We choose to go to the moon in this decade and do the other things, not because they are easy, but because fuck you.

thotsky posted:

I would prefer six hour workdays, compensation for the commute and no working from home for anyone. WFH makes an awful job slightly more bearable, but I would prefer to enjoy my job, and I can only do that by directly interacting with people. I hope workplaces stratify into all-WFH or no-WFH, because I respect that it works for some people, but it totally destroys the kind of team dynamic I like when people start dropping off the grid.
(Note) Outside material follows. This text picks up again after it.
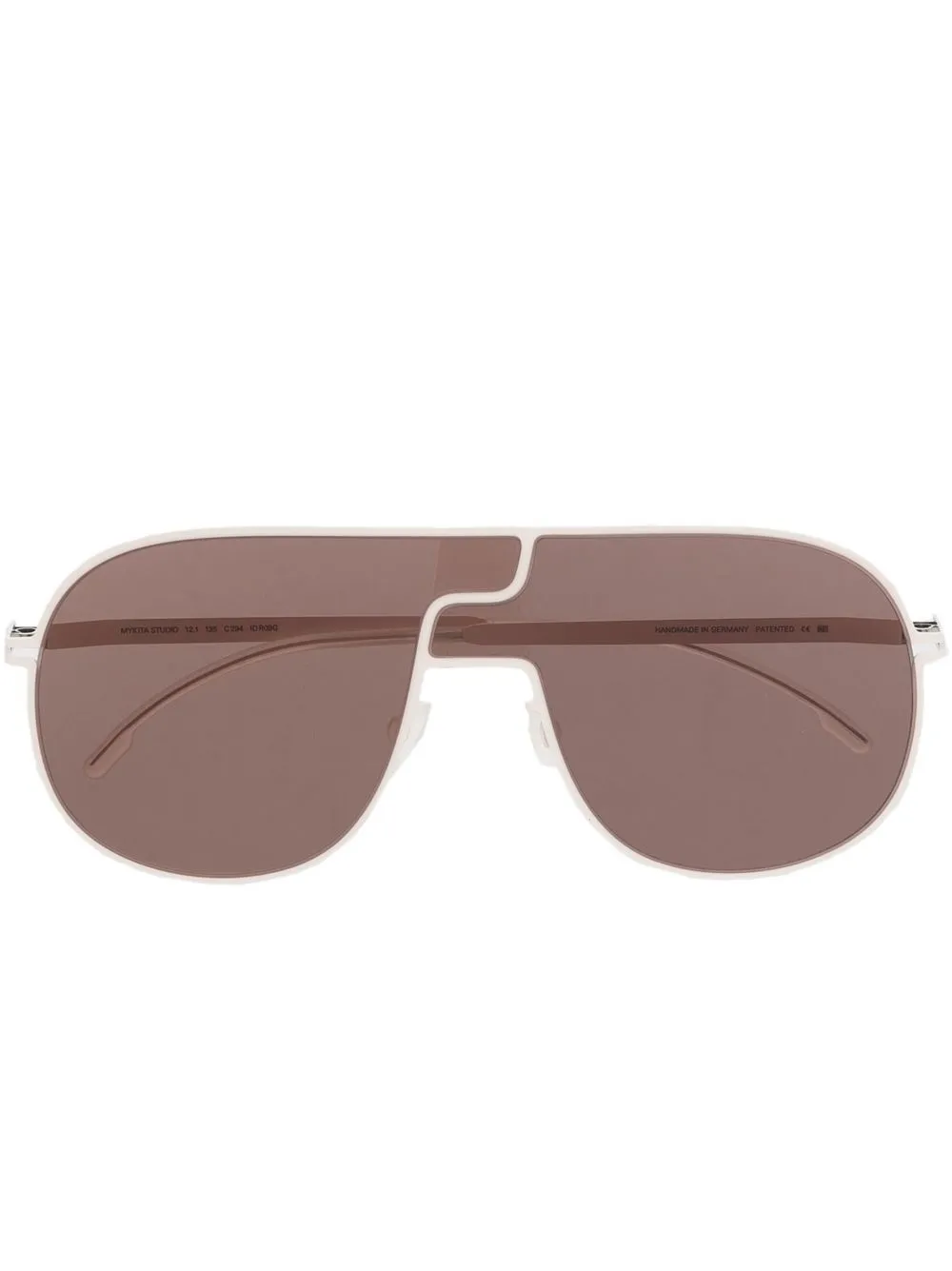 

Mykita pilot-frame sunglasses - Pink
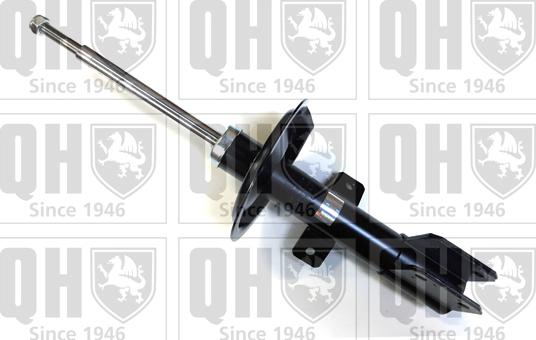 Quinton Hazell QAG178883 - Amortizators www.autospares.lv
At my office we've gone to "mandatory" hybrid (3 days per week), and I think it's been really positive. I only started to realize how much I had been missing about being in person once we were back. So many little things are easier.

A lot of my coworkers were unhappy, and I get that. At the same time, though, I think we're in a good place now. We're all supposed to be in the office on the same three days, but no one is actually enforcing it. If you have a reason to leave early, that's fine. If you need to take the whole day WFH because you're waiting for a plumber, that's fine.

It feels like a happy medium between "you have to be in the office every day, no exceptions, be miserable" and "I haven't seen one of my team members outside of stand-up for months and I suspect he's working two jobs".

Volmarias
Dec 31, 2002

EMAIL... THE INTERNET... SEARCH ENGINES...

BAD AT STUFF posted:

It feels like a happy medium between "you have to be in the office every day, no exceptions, be miserable" and "I haven't seen one of my team members outside of stand-up for months and I suspect he's working two jobs".

Please do not snitch on a coworker who has managed to find ways to double their salary, TIA.

ploots
Mar 19, 2010
that poor bastard has to do two stand ups every day, leave them be

No hell deeper than the one they’re already in

Falcon2001
Oct 10, 2004

Eat your hamburgers, Apollo.
Pillbug

Volmarias posted:

Please do not snitch on a coworker who has managed to find ways to double their salary, TIA.

This shits dumb. The people hosed over by poo poo like that isn't your boss or the CEO, it's the coworkers who have to do extra work. Sure, if your company is so over hired they can disappear then who cares, but I haven't worked at a job like that in over a decade.

Volmarias
Dec 31, 2002

EMAIL... THE INTERNET... SEARCH ENGINES...

Falcon2001 posted:

This shits dumb. The people hosed over by poo poo like that isn't your boss or the CEO, it's the coworkers who have to do extra work. Sure, if your company is so over hired they can disappear then who cares, but I haven't worked at a job like that in over a decade.

If your management cannot tell if they're doing their work or not, it doesn't really matter if they are working two jobs, or just suck.

Cugel the Clever
Apr 5, 2009
I LOVE AMERICA AND CAPITALISM DESPITE BEING POOR AS FUCK. I WILL NEVER RETIRE BUT HERE'S ANOTHER 200$ FOR UKRAINE, SLAVA

BAD AT STUFF posted:

At my office we've gone to "mandatory" hybrid (3 days per week), and I think it's been really positive. I only started to realize how much I had been missing about being in person once we were back. So many little things are easier.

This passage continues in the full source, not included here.